---------- Task material

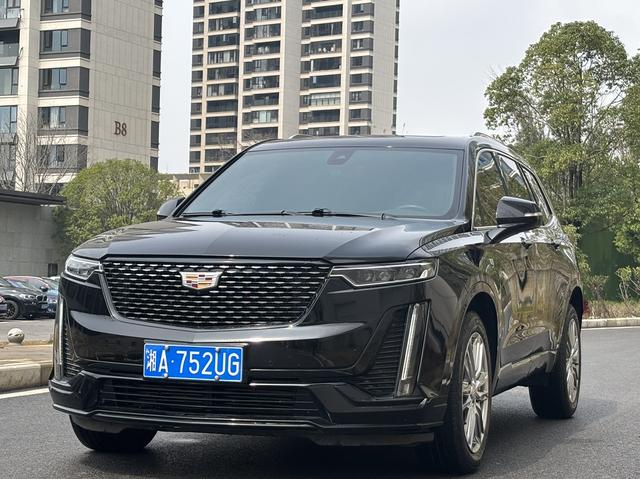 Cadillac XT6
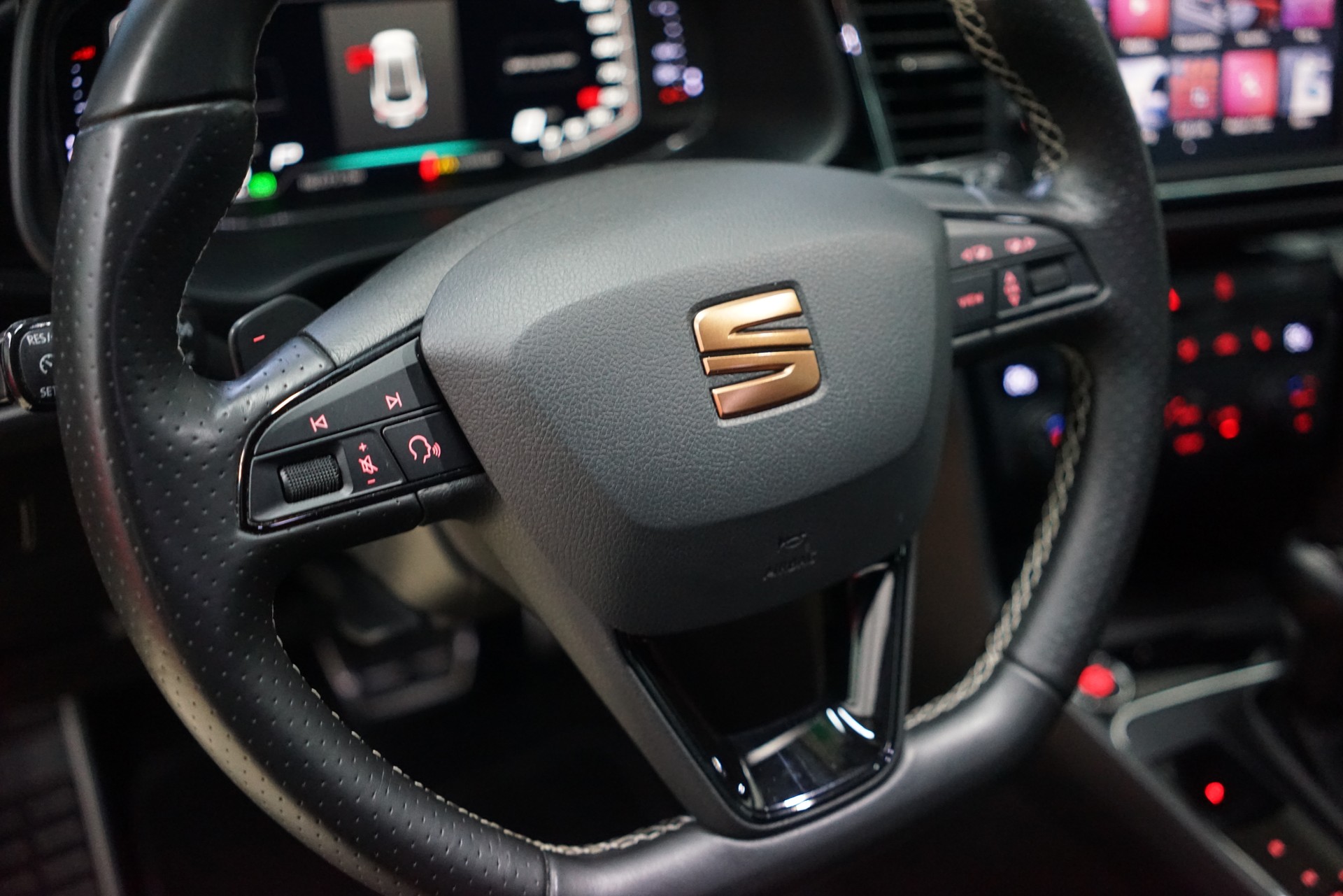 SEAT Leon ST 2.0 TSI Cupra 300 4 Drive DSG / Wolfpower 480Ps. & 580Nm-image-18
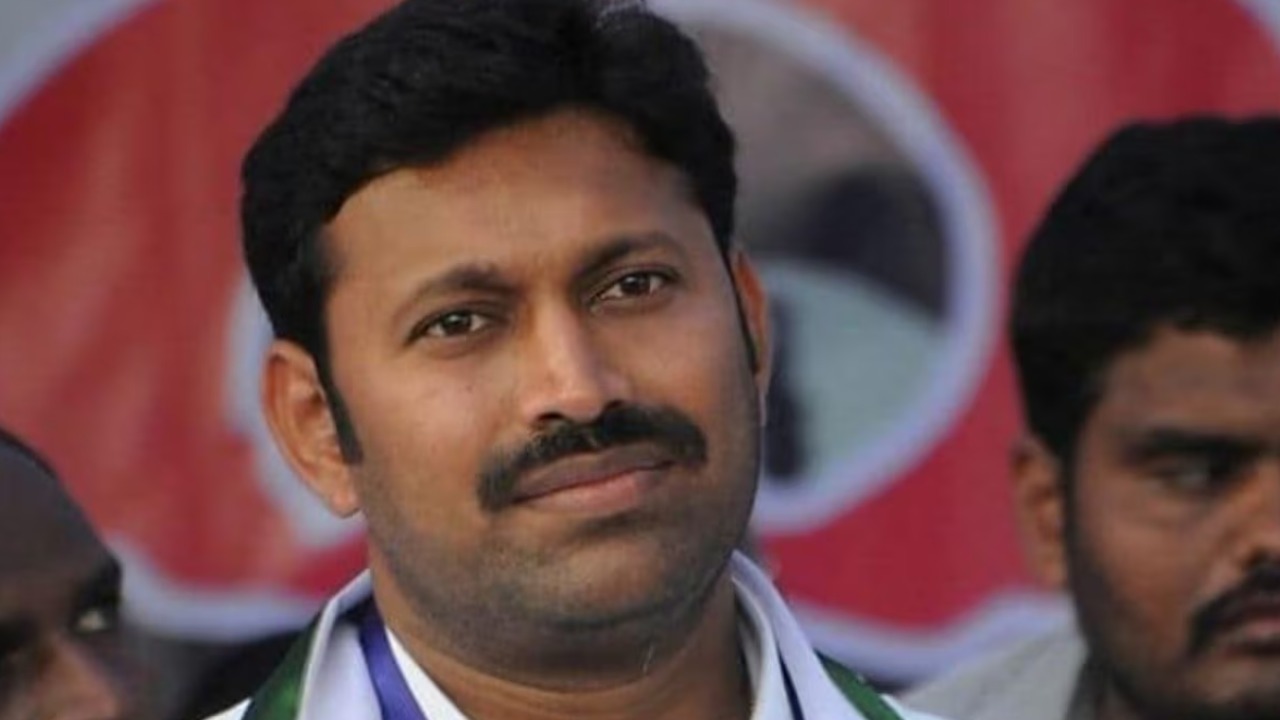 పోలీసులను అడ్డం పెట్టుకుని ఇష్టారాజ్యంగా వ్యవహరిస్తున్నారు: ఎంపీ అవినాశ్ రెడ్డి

--------------------
---------- Task material

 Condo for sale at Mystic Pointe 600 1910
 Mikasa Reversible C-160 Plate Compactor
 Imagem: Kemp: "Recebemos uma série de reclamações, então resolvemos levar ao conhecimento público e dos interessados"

--------------------
---------- Task material

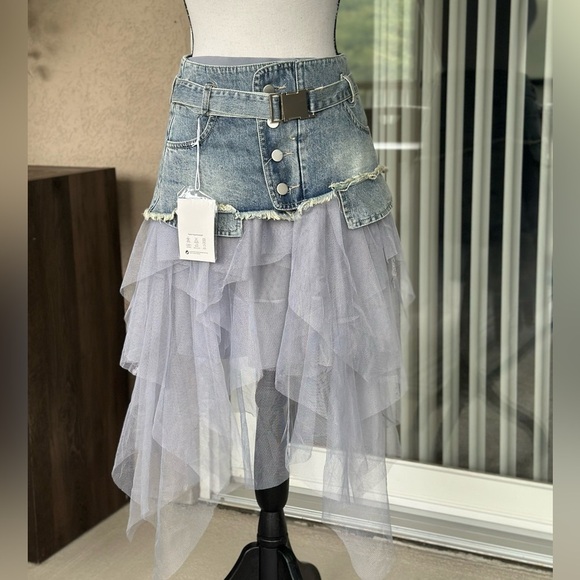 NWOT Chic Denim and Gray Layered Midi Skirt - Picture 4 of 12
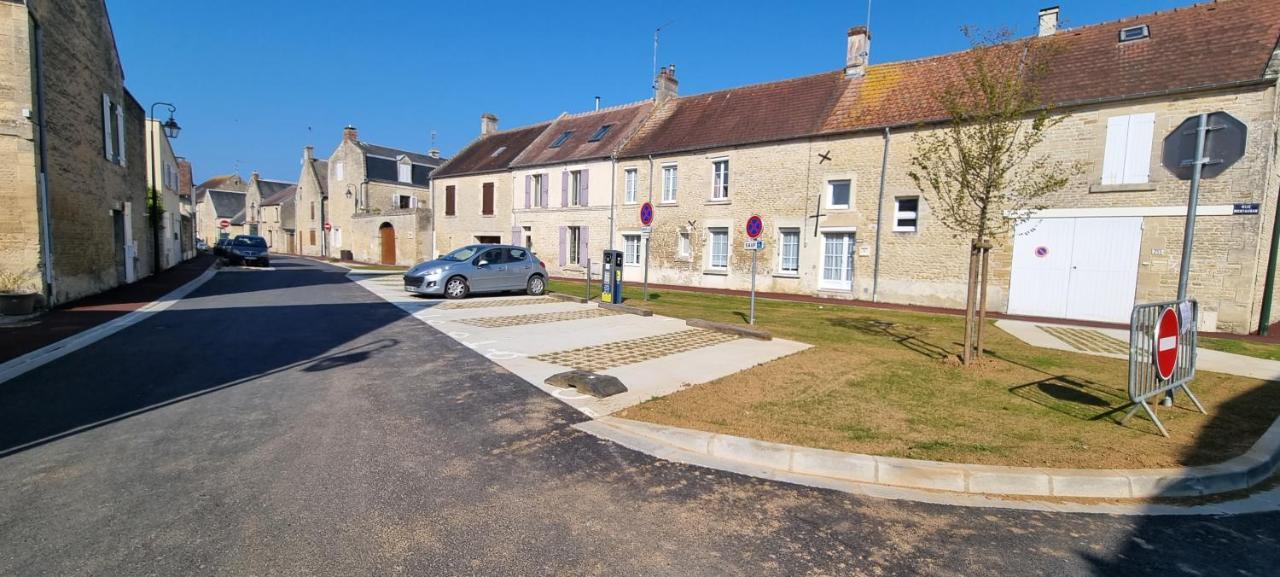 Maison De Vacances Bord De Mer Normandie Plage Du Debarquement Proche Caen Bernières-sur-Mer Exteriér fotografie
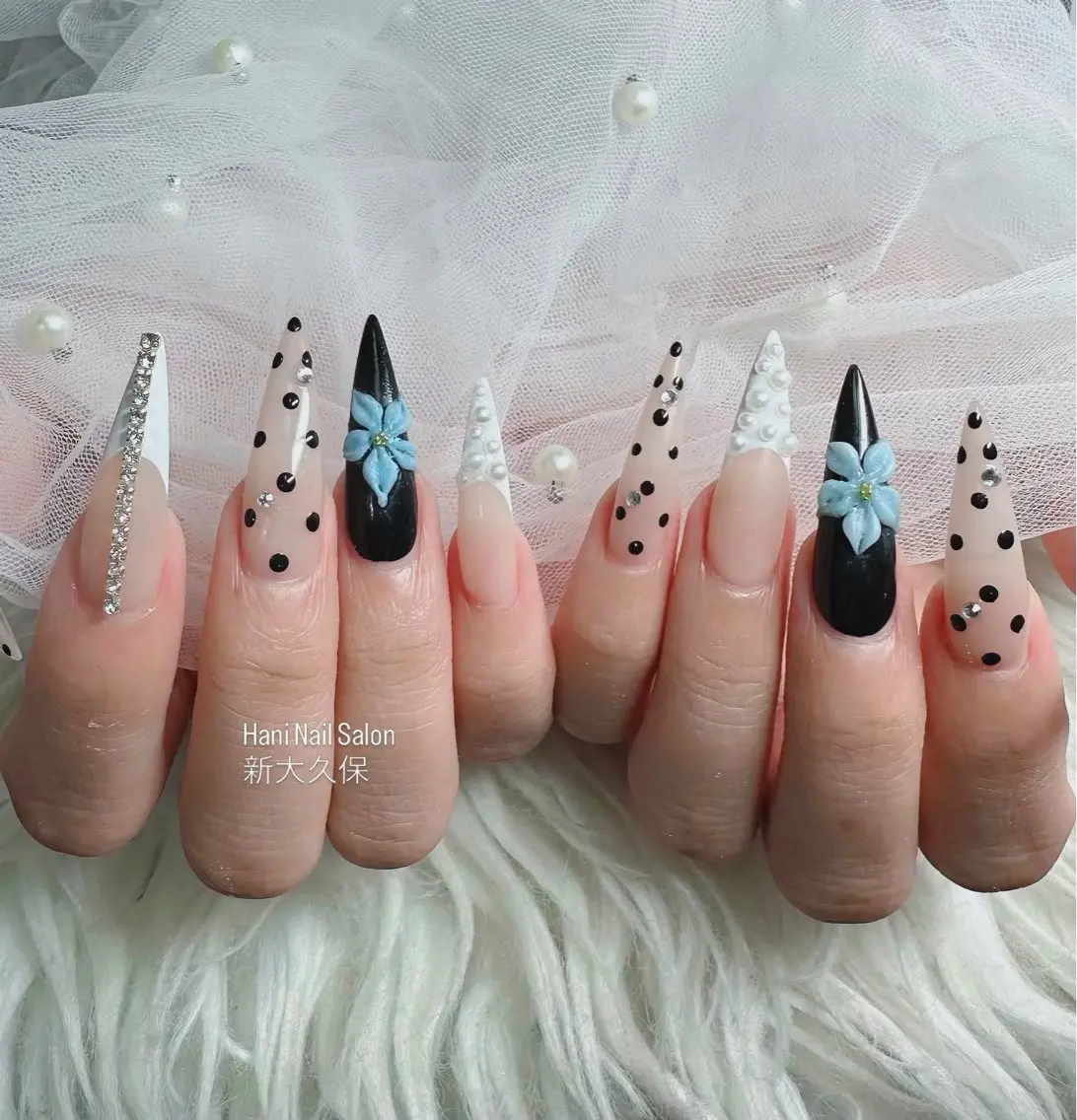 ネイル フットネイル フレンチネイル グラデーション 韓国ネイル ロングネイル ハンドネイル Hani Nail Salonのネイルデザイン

--------------------

Your objective: Nothing but the lines above from the line with "NWOT Chic Denim" up to and including the line with "ネイル フットネイル フレンチネイル" should be returned, exactly as written and without pictures.

Response to the task:
 NWOT Chic Denim and Gray Layered Midi Skirt - Picture 4 of 12
 Maison De Vacances Bord De Mer Normandie Plage Du Debarquement Proche Caen Bernières-sur-Mer Exteriér fotografie
 ネイル フットネイル フレンチネイル グラデーション 韓国ネイル ロングネイル ハンドネイル Hani Nail Salonのネイルデザイン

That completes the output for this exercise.